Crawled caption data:
________________
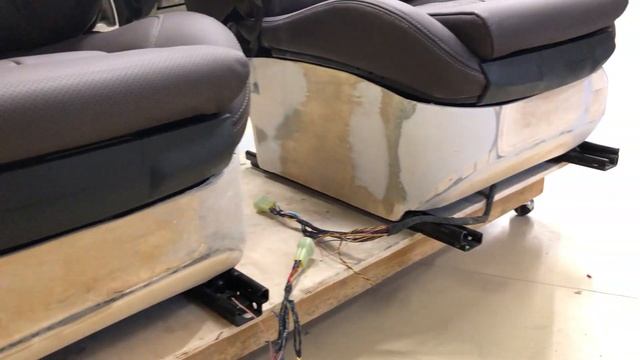 Разобрали салон НОВОГО микроавтобуса. И собрали заново. Замена ВСЕХ сидений в HYUNDAI GRAND STAREX! смотреть онлайн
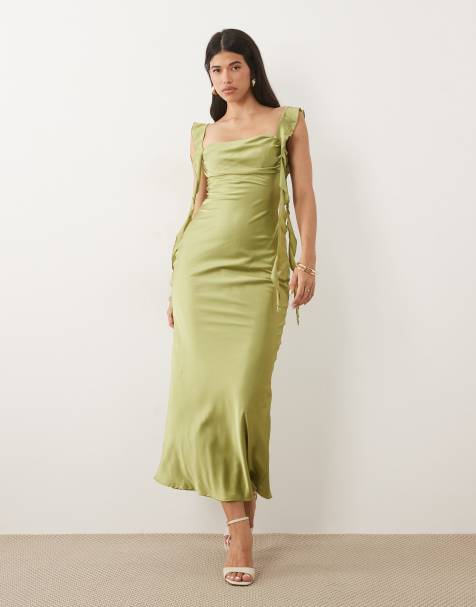 Princess Polly – Lanai – Satin-Maxikleid in Olivgrün mit Drapierung und eckigem Ausschnitt - view 1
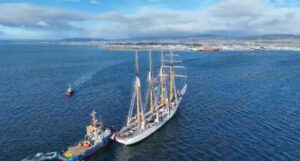 La “Dama Blanca” recaló en Punta Arenas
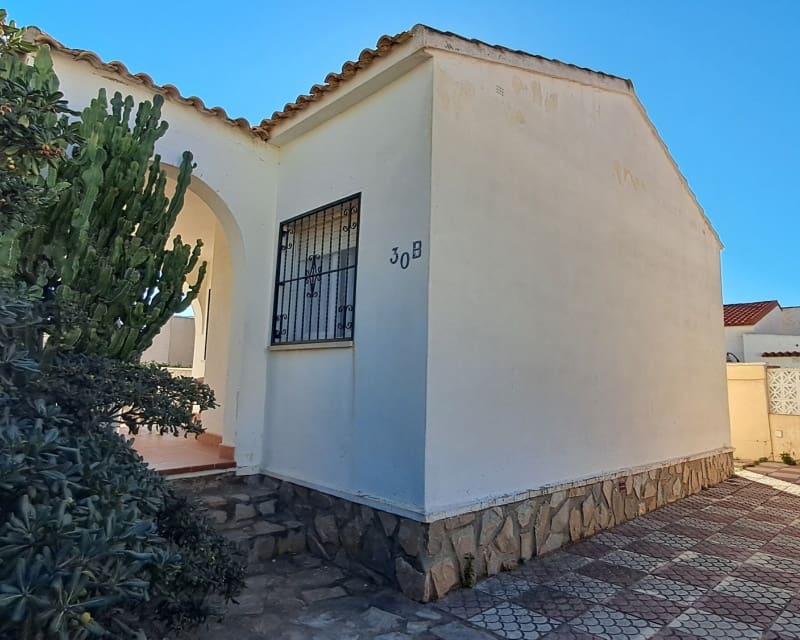 2 makuuhuone Huvila myytävänä paikassa La Florida - 219 000 € (Ref: 9552203)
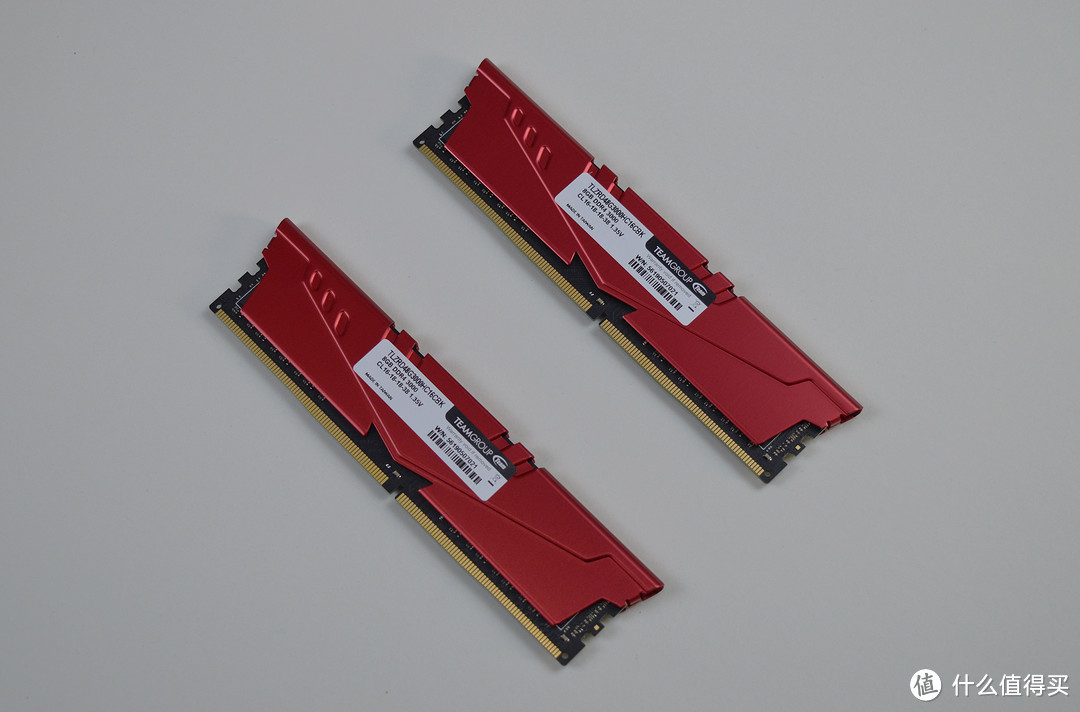 超频强劲,价位美丽：十铨VULCAN Z 火神  DDR4 3000套条开箱体验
________________
## WHAT TO DO
What is needed is an exact repeat of every entry above, with the pictures left out.

## WORKED SOLUTION
 Разобрали салон НОВОГО микроавтобуса. И собрали заново. Замена ВСЕХ сидений в HYUNDAI GRAND STAREX! смотреть онлайн
 Princess Polly – Lanai – Satin-Maxikleid in Olivgrün mit Drapierung und eckigem Ausschnitt - view 1
 La “Dama Blanca” recaló en Punta Arenas
 2 makuuhuone Huvila myytävänä paikassa La Florida - 219 000 € (Ref: 9552203)
 超频强劲,价位美丽：十铨VULCAN Z 火神  DDR4 3000套条开箱体验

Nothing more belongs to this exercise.